WHAT YOU WILL DO ▸
Transcribe the listing below only from the line with "Cooler para Gabinete" up to and including the line with "Sillón reclinable eléctrico".

PROVIDED DATA ▸

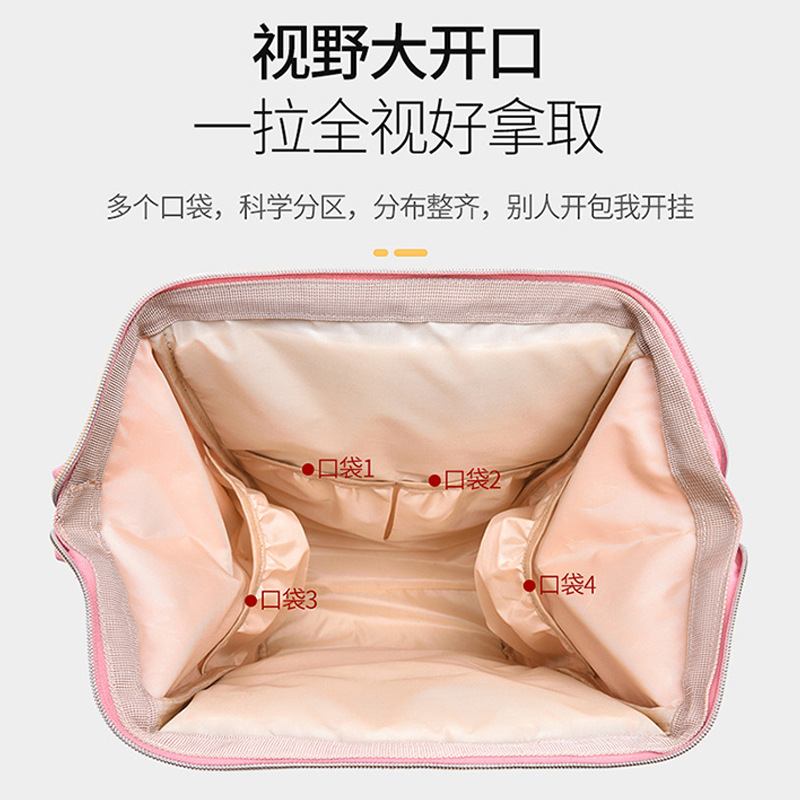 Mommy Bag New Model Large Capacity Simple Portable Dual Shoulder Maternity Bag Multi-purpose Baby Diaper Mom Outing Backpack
--
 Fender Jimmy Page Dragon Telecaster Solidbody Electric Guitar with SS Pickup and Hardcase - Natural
* * *
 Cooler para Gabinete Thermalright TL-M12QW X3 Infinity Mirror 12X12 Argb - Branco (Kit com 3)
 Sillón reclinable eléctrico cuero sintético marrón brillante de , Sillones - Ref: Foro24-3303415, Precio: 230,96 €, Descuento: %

EXERCISE ANSWER ▸
 Cooler para Gabinete Thermalright TL-M12QW X3 Infinity Mirror 12X12 Argb - Branco (Kit com 3)
 Sillón reclinable eléctrico cuero sintético marrón brillante de , Sillones - Ref: Foro24-3303415, Precio: 230,96 €, Descuento: %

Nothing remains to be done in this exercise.